### TASK GOAL
Look through the entries below for the line with "VHyundai Tucson 2017 г.в." and the line with "und Ergebnis. LIVE", then give again exactly those two lines and all lines between them, minus the pictures.

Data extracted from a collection
□ □ □

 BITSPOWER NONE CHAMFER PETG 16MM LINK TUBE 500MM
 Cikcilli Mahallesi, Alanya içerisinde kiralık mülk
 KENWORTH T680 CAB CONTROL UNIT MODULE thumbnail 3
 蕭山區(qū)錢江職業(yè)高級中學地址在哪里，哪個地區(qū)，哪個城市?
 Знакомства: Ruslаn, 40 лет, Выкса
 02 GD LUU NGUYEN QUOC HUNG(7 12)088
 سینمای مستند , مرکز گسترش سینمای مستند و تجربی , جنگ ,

□ □ □

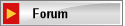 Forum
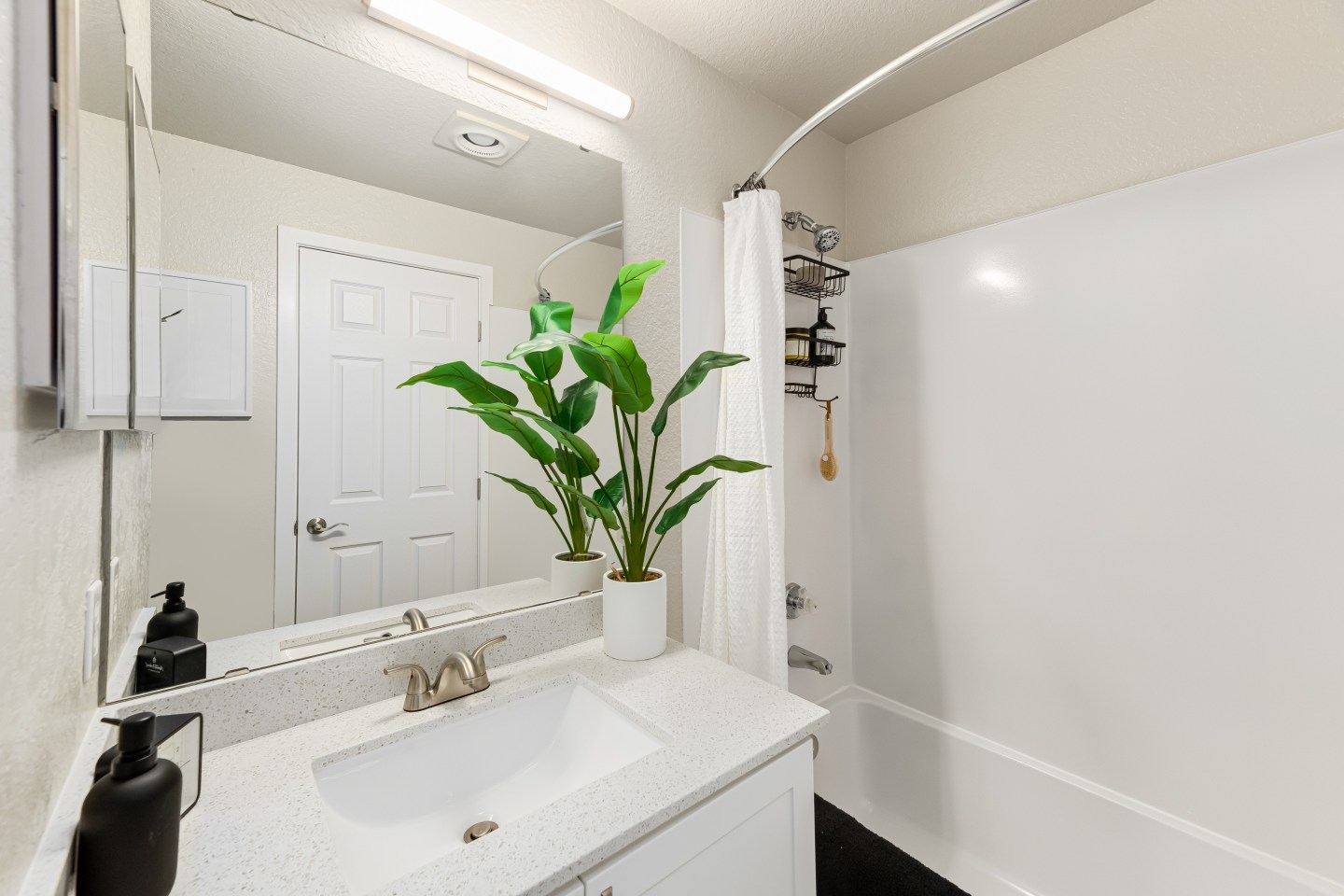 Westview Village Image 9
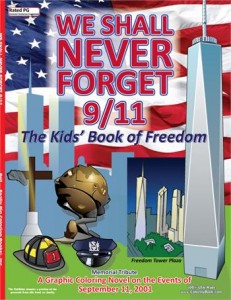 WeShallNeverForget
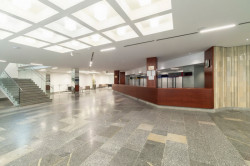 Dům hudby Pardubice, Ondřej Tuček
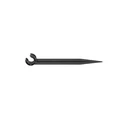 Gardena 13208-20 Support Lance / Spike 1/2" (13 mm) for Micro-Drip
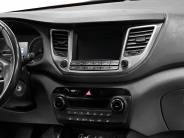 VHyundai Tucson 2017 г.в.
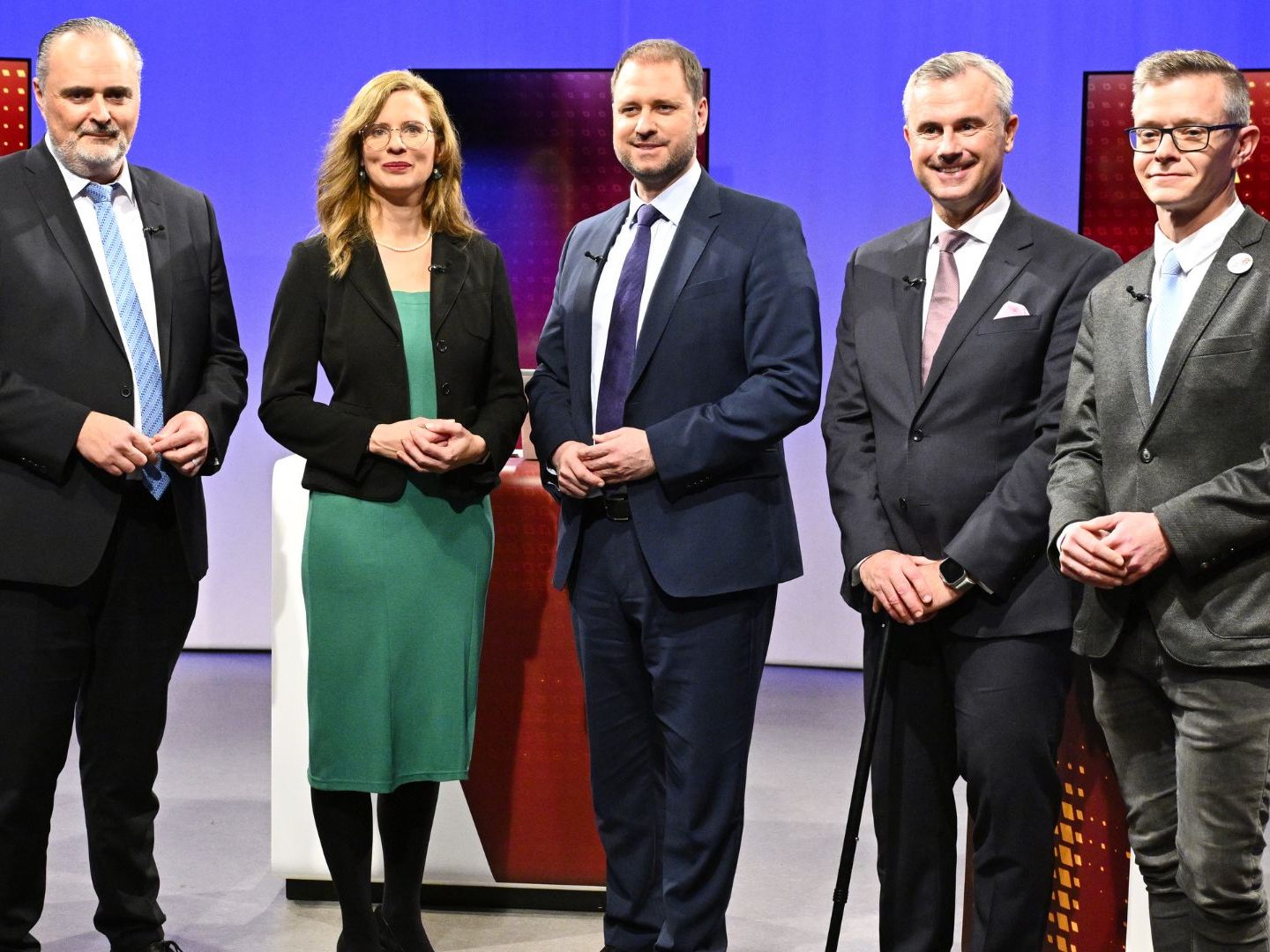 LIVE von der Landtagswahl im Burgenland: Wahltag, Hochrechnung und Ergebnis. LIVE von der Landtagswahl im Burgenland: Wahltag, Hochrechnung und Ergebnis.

□ □ □

### RESPONSE AREA
 VHyundai Tucson 2017 г.в.
 LIVE von der Landtagswahl im Burgenland: Wahltag, Hochrechnung und Ergebnis. LIVE von der Landtagswahl im Burgenland: Wahltag, Hochrechnung und Ergebnis.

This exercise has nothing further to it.